Cells. The pancreatic ductal adenocarcinoma (PDAC) LMP cell line originated from a tumor that arose in the genetically engineered Kras G12D/+; p53R172H/+; Pdx1 Cre (KPC) mouse model, as described in detail elsewhere (Tseng et al., 2010). In syngeneic B6.129 F1 mice implanted in the pancreas with LMP cells, tumor growth and metastasis mimic the aggressive clinical behavior of PDAC. Murine pancreatic cancer cells KPC FC1199, referred to as FC1199, were generated in the Tuveson laboratory (Cold Spring Harbor Laboratory, New York, USA) from PDA tumor tissues obtained from KPC mice of a pure C57BL/6 background, as described previously (Hingorani et al., 2005), and were a generous gift from the Tuveson laboratory. All cell lines were routinely tested for common murine pathogens and mycoplasma contamination, as per the McGill University Animal Care Committee and the McGill University Biohazard Committee guidelines. The cells were routinely grown in a humidified incubator at 37° C. with 5% CO2 in DMEM (Thermo Fischer scientific, Burlington, Canada) supplemented with 100 U/mL penicillin and 100 μg/mL streptomycin solution (Sigma), and 10% fetal bovine serum (Thermo Fischer scientific, Canada).
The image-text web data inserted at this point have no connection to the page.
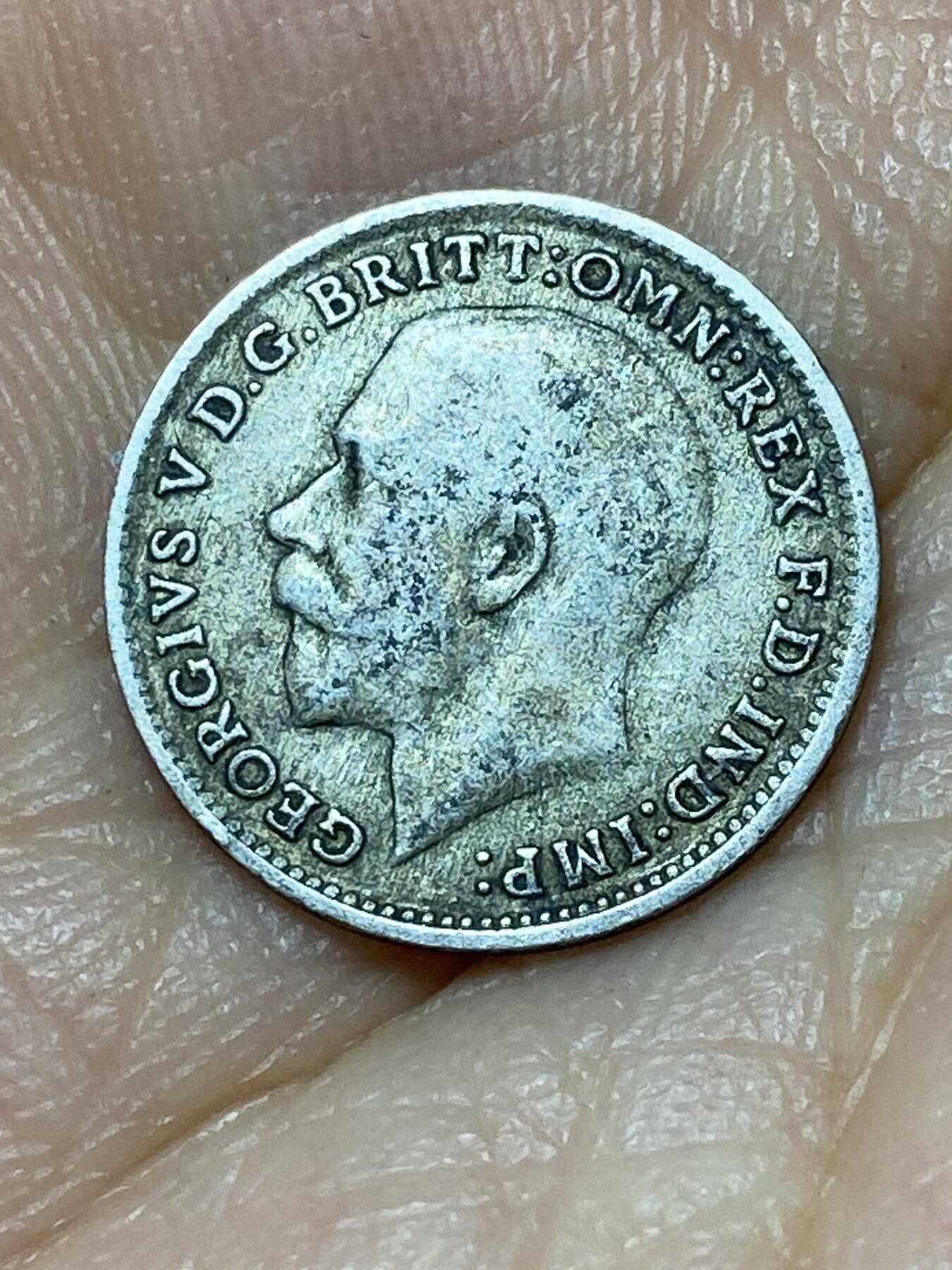 2025年第九十九场(总第一百二十五场）外国好品散币(免佣金) 英国🇬🇧1920年3便士银币(乔治五世第二版，首发年，500银)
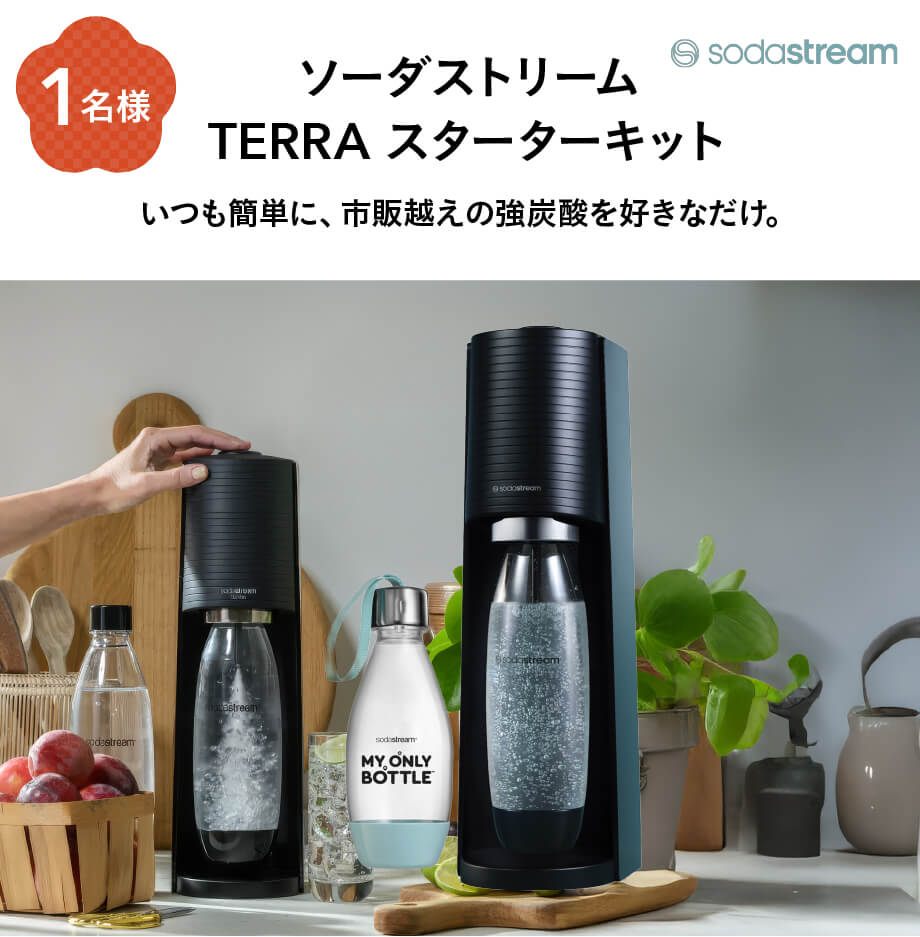 ソーダストリーム TERRA スターターバリューキット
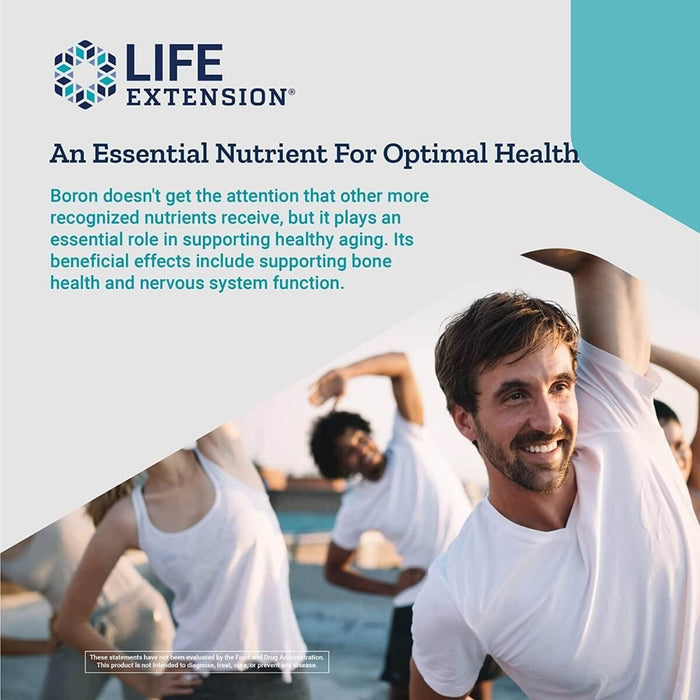 Life Extension Boron 3 mg 100 Vegetarian Capsules | Premium Supplements at MYSUPPLEMENTSHOP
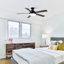 Ventilateur de plafond encastré à intensité variable 3CCT à DEL à 2 pales avec ventilateur de plafond à DEL à 2 pales Vaczon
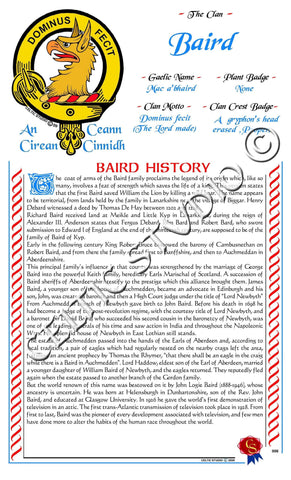 Baird Scottish Clan History
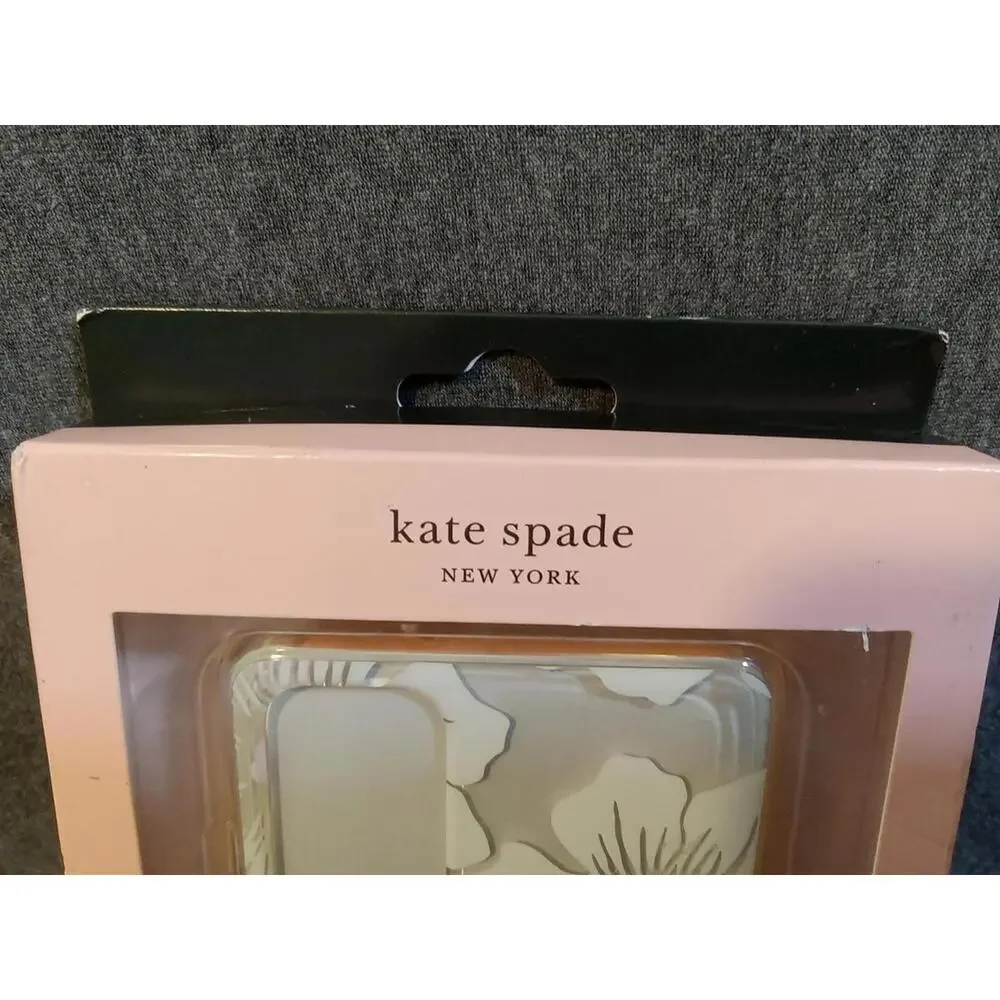 Kate Spade Hardshell Case Clear Pink Hollyhock Floral Samsung Galaxy S20 Plus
Animals. All mouse experiments were carried out in strict accordance with the guidelines of the Canadian Council on Animal Care (CCAC) “Guide to the Care and Use of Experimental Animals” and under the conditions and procedures approved by the Animal Care Committee of McGill University (AUP number: 5260). Mouse experiments were performed in male and female B6.129 F1 mice that are syngeneic to the LMP cells or in C57BI/6 male mice that are syngeneic to the FC1199 cells. BL6-Col-GFP mice in which type I collagen is genetically tagged with GFP were a kind gift from Dr. Tatiana Kisseleva (Department of Surgery, University of California, San Diego, La Jolla, CA, USA). They were backcrossed for one generation onto the 129S1/Svlmj (Jackson laboratories) background to obtain heterozygous Col-GFP mice that were crossbred with BL6 mice to generate first generation B16.129-Col-GFP F1 mice used for the analysis of activated HSC. All mice were bred in the animal facility of the Research Institute of the McGill University Health Center and used for the experiments at the ages of 7-12 weeks old.
Spontaneous PDAC liver metastasis. Spontaneous PDAC liver metastases were observed following the intra-pancreatic implantation of 1×106 LMP cells in 25 μl Matrigel (Corning, NY, USA) mixed with 25 μl PBS, as previously described (Jiang et al., 2014). Animals were euthanized 21 days post tumor implantation, at which time metastases were visible on the surface of the liver and were enumerated and sized without prior fixation.
Experimental liver metastasis. Experimental liver metastases were generated by intrasplenic/portal injections of 1×105 or 5×105 tumor cells (as indicated), followed by splenectomy as previously described (Ham et al., 2015). Animals were euthanized 21 days later, and visible metastases on the surface of the liver were enumerated and sized without prior fixation. Where indicated, fragments of the livers were also fixed in 10% phosphate buffered formalin, paraffin embedded, and 5 μm sections stained with hematoxylin and eosin to detect micro-metastases and quantify the metastatic burden, as shown.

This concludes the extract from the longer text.